Anyway on the generic optimizations I found the institution mm_pause, which pause the core executing the thread until the pipe line is completed.
This is much better that using yield because it does not has to release the thread by calling sleep(0).
I tried on newton and it seems to be very good, multithreaded code is a lot smother and faster, it does approach the expected performance gains.

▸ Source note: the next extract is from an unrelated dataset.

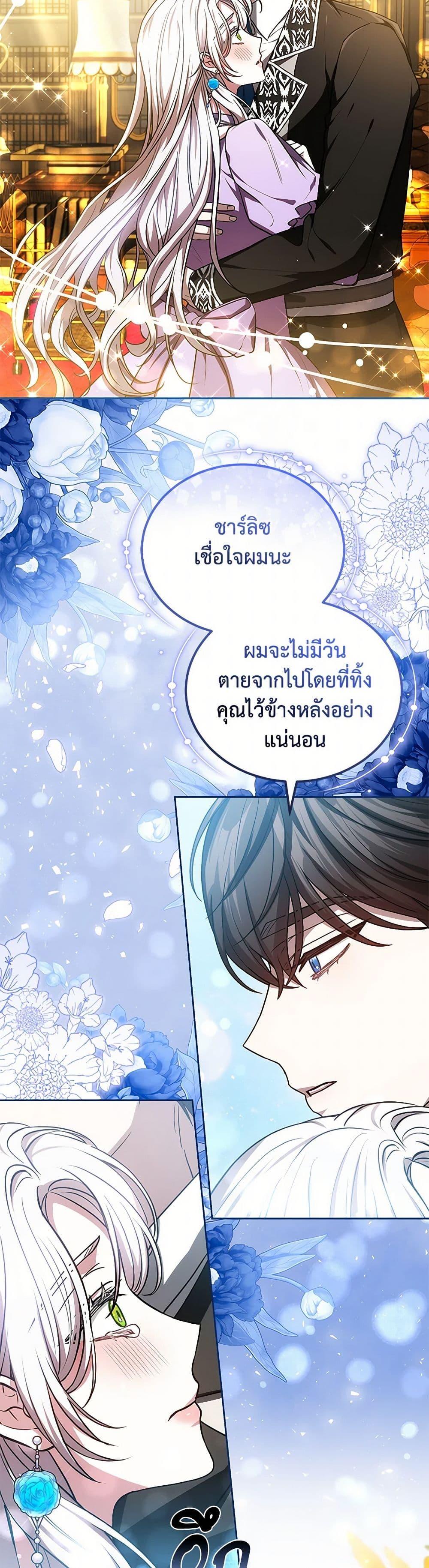 Manga-lc-com อ่านมังงะ อ่านการ์ตูน ออนไลน์ ฟรี The Male Lead’s Nephew Loves Me So Much ตอนที่ 1 2 3 4 5 6 7 8 9 10 11 12 13 14 ฟรี ไม่มีโฆษณา Manga-lc - อ่าน มังงะ อ่าน การ์ตูน ออนไลน์ อ่านมังงะ ฟรี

I modified the spin like this and in totally ignored the yeild call which is sleep(0), meaning relinquish the tread to another thread and is an expensive kernel call.
- Code: Select all
DG_INLINE void dgSpinLock (dgInt32* const ptr, bool yield)
{
#ifndef DG_USE_THREAD_EMULATION
/*
while (dgInterlockedExchange(ptr, 1)) {
if (yield) {
dgThreadYield();
}
}
*/
do {
_mm_pause();
} while (dgInterlockedExchange(ptr, 1));
#endif
}
if any one has experience with mm_pause, let me know
Another thing that I saw is that intel is making the core i9 with upto 18 cores.
that's 36 hard ware threads!! and the mid rage is 10 cores 20 threads.
they claim that is can do one terafloats of ops, this is GPU class performance on a CPU.
I was trying to look at GPU again (openCL) but is makes me sick each time I have to think of all the mombojumbo that is needed.
What I want to do is that I will refactor the parallel solver to use AVX2 and large number of threads, with low overheads but for CPU. Maybe we can get close to GPU physics but with higher quality than what the commercial engine are doing using CPU even if it is few bodies.
We do not really have to do 100000 all jittery bodies if we can do 10000 stable bodies that can be enough for almost anything.